LC METS Profile

METS Profile for Historical Newspapers [Draft]


XML Version of Profile Document



Abstract

The METS Profile for Historical Newspapers specifies how METS documents representing digitized historical newpapers should be encoded. Note that the profile is to be used to represent a single issue of a newspaper. The profile uses MODS to express the logical structure of a newspaper issue, and uses the METS structMap to express the physical structure of the newspaper issue.


URI

//www.loc.gov/standards/mets/profiles/LC_profiles/newspaper/00000010.xml


Date

2006-02-06T17:31:00

Contact

Morgan V. Cundiff
Network Development and MARC Standards Office, Library of Congress
101 Independence Avenue, Washington DC, 20540


Related Profile

No related profiles.


Extension Schema

Metadata Object Description Schema (MODS)
//www.loc.gov/mods/v3/


Extension Schema

Metadata for Images in XML (MIX)
//www.loc.gov/mix/


Extension Schema

Premis
//www.loc.gov/standards/premis


Description Rules

It is recommended that the content data used in the MODS section of a METS document conform to AACR2 to the extent that it applies.


Controlled Vocabularies

Library of Congress Subject Headings
Library of Congress
No URI established.
Controlled subject headings used in the MODS section of a METS document must be formulated according to the Library of Congress Subject Headings (LCSH).

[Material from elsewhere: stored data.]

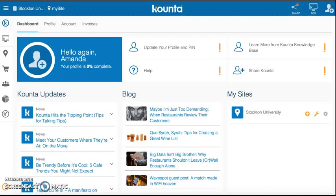Hello COUNTA users. This is going to be a video tutorial on how to assign tables, take orders, add orders onto an existing table, open up a second table, and cash out your table's orders.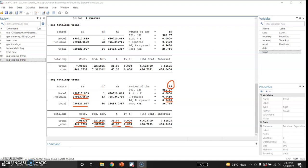The choice between the growth rate model from video number 298 and the linear trend model just estimated depends on whether one is interested in the relative or absolute change in personal consumption expenditure. For comparative purposes, it is the relative change that is generally more relevant. Therefore it is better to use the loglin model rather than the linear trend model, because in the linear trend model the coefficient gives an absolute rather than relative rate of change.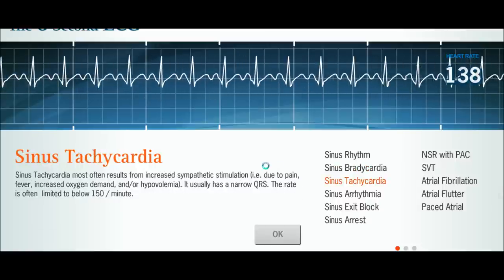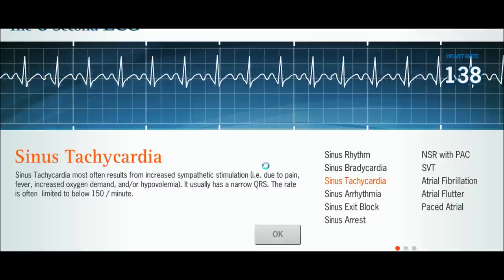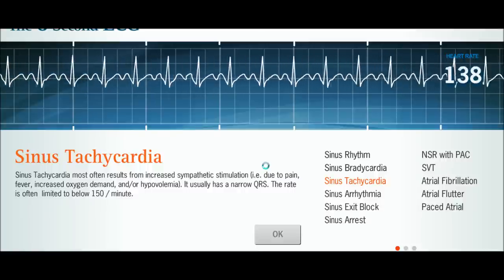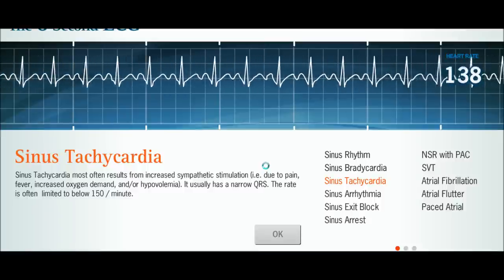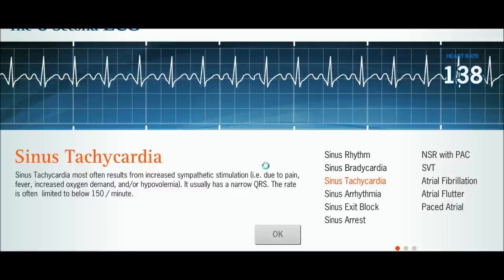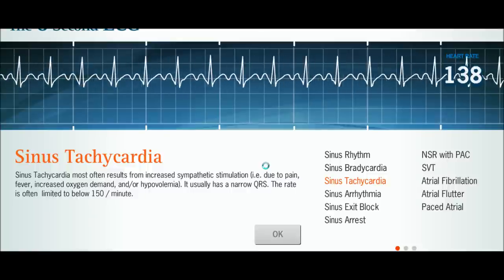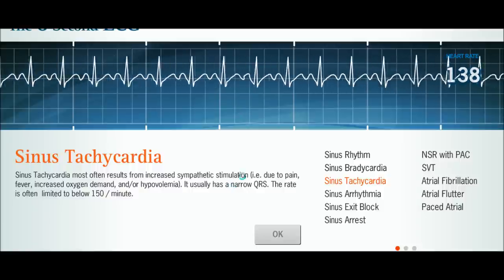To contradict that, we'll look at sinus tachycardia. This is just a fast heart rate — a normal sinus rhythm typically caused by increased sympathetic stimulation. That can come from pain, fever, increased oxygen demand, or hypovolemia such as dehydration. Note that we have a narrow QRS complex, and the rate is typically between 100 and 150 beats per minute.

Library of Congress Classification
Library of Congress
//www.loc.gov/catdir/cpso/lcc.html

NACO Authority File
Library of Congress
http://authorities.loc.gov/
Controlled name and title headings used in the MODS section of a METS document must be formulated according to the NACO Authority File.

MARC Country Codes
Library of Congress
//www.loc.gov/marc/countries/
Country codes used in the MODS section of a METS document must use MARC country code list.

ISO 639-2 Language Codes
Library of Congress
//www.loc.gov/standards/iso639-2/
Language codes used in the MODS section of a METS document must use ISO 639-2 bibliographic codes.

MARC Relator Codes
Library of Congress
//www.loc.gov/marc/relators/
Relator codes or terms used in the MODS section of a METS document must use MARC relator list.

Target Audience Codes
Library of Congress
//www.loc.gov/marc/sourcecode/target/
Terms used in the MODS section of a METS document must use the MARC target audience list.

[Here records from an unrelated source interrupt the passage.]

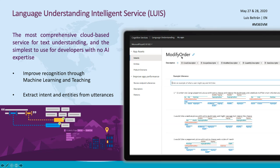You identify important elements from sample messages that your users would say when they want to order a pizza. The intent could be 'modify order' or there could be other intents. You then train the model, and the bot learns these ways users phrase specific actions. It can learn from new instances and detect important entities from new sentences.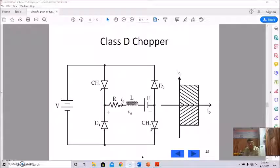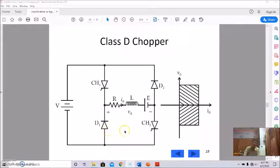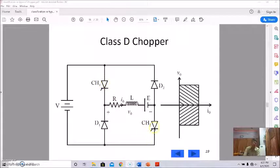Today we will start a new chopper — class D chopper. This is the circuit diagram of the class D chopper. It is also a two-quadrant chopper, specifically a first quadrant and fourth quadrant chopper.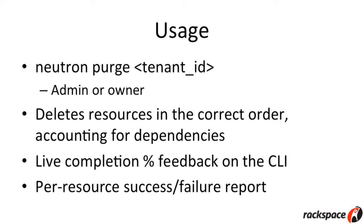You get a nice live percentage feedback that updates on the CLI as the command is executing. If you only have a couple of dozen resources, it could take seconds. If you have hundreds or thousands of resources, it could take minutes, so you want to know it hasn't hung. And then, when it completes, you get a quick little report that says, hey, I've deleted this, I've deleted that, and I couldn't delete these things.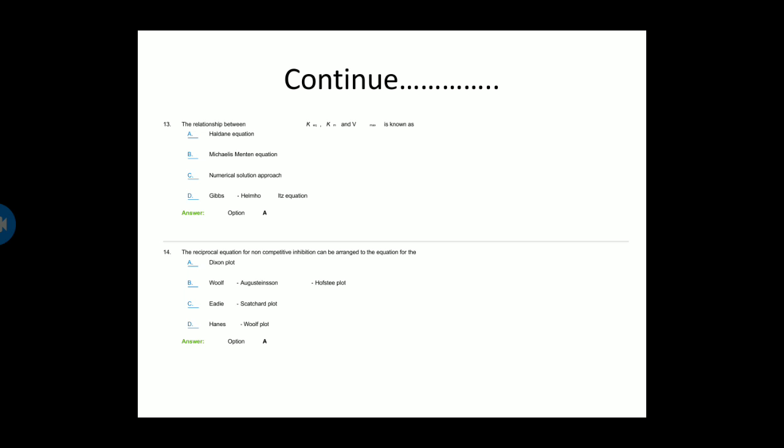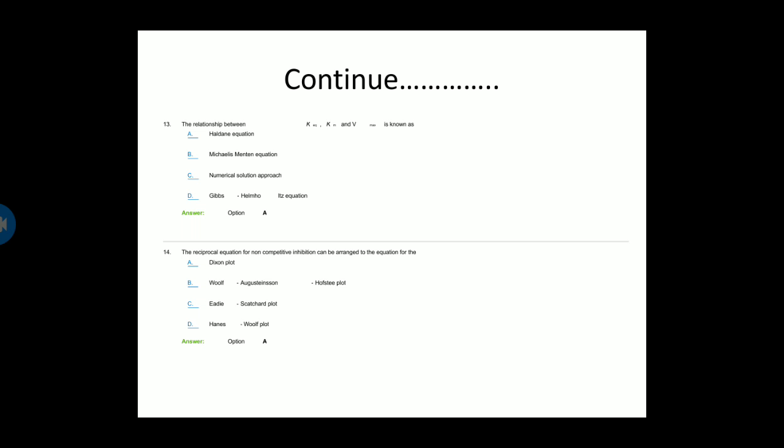Next question: The reciprocal equation for non-competitive inhibition can be arranged into equations for — option A is the Dixon plot, option B is the Woolf-Augustinsson-Hofstee plot, option C is the Eadie-Scatchard plot, and option D is the Hanes-Woolf plot. Option A is the correct answer — the Dixon plot.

MARC Code List for Organizations
Library of Congress
//www.loc.gov/marc/organizations/
Source codes used in the MODS section of a METS document must use MARC organization list.

Structural Requirements

METS Root Element
metsRootElement Requirement 1

The METS root element must have an attribute PROFILE="//www.loc.gov/mets/profiles/00000010.xml".

Example 1.

    
<mets:mets PROFILE="//www.loc.gov/mets/profiles/00000010.xml">
      
<mets:structMap>
        
<mets:div />
      
</mets:structMap>
    
</mets:mets>
  


Descriptive Metadata Section
dmdSec Requirement 1

A document must contain three Descriptive Metadata Sections (dmdSec). Each dmdSec element must have an ID attribute. The first dmdSec element will contain a reference (mdref) to a bibliographic record in an external system for the printed version of the newspaper. An mdRef element must have an ID attribute.

Example 3.

    
<mets:mets PROFILE="//www.loc.gov/mets/profiles/00000010.xml">
      
<mets:dmdSec ID="dmd01">
        
<mets:mdRef xlink:href="path/to/record" LOCTYPE="URL" MDTYPE="MODS" ID="mods_print" />
      
</mets:dmdSec>
      
<mets:structMap>
        
<mets:div />
      
</mets:structMap>
    
</mets:mets>
  


dmdSec Requirement 2

The second dmdSec element will contain a reference (mdref) to a bibliographic record in an external system for the digital version of the newspaper.

Example 4.

    
<mets:mets PROFILE="//www.loc.gov/mets/profiles/00000010.xml">
      
<mets:dmdSec ID="dmd03">
        
<mets:mdRef xlink:href="path/to/record" LOCTYPE="URL" MDTYPE="MODS" ID="mods_digital" />
      
</mets:dmdSec>
      
<mets:structMap>
        
<mets:div />
      
</mets:structMap>
    
</mets:mets>
  


dmdSec Requirement 3

The third dmdSec contains a wrapped (mdWrap) MODS record for the digitized issue of the newspaper. The MODS record must contain the title, issue date, genre (with value "newspaper") and language. The mods element must have an ID attribute.

Example 5.

    
<mets:mets PROFILE="//www.loc.gov/mets/profiles/00000010.xml">
      
<mets:dmdSec ID="dmd03a">
        
<mets:mdWrap MDTYPE="MODS">
          
<mets:xmlData>
            
<mods:mods ID="DMD_issue_ex05">
              
<mods:titleInfo>
                
<mods:title>Montags Zeitung</mods:title>
              
</mods:titleInfo>
              
<mods:genre>newspaper</mods:genre>
              
<mods:originInfo>
                
<mods:dateIssued encoding="w3cdtf">11/05/1908</mods:dateIssued>
              
</mods:originInfo>
              
<mods:language>
                
<mods:languageTerm type="code" authority="rfc3066">de</mods:languageTerm>
              
</mods:language>
            
</mods:mods>
          
</mets:xmlData>
        
</mets:mdWrap>
      
</mets:dmdSec>
      
<mets:structMap>
        
<mets:div />
      
</mets:structMap>
    
</mets:mets>
  


dmdSec Requirement 4

The MODS record may optionally describe the logical entities contained in a given issue of a newspaper. Logical entities include the following: issue section (issueSection), article, article section (articleSection), photograph, illustration, and advertisement. The logical entities are defined in Newspaper Genre Terms. [under construction]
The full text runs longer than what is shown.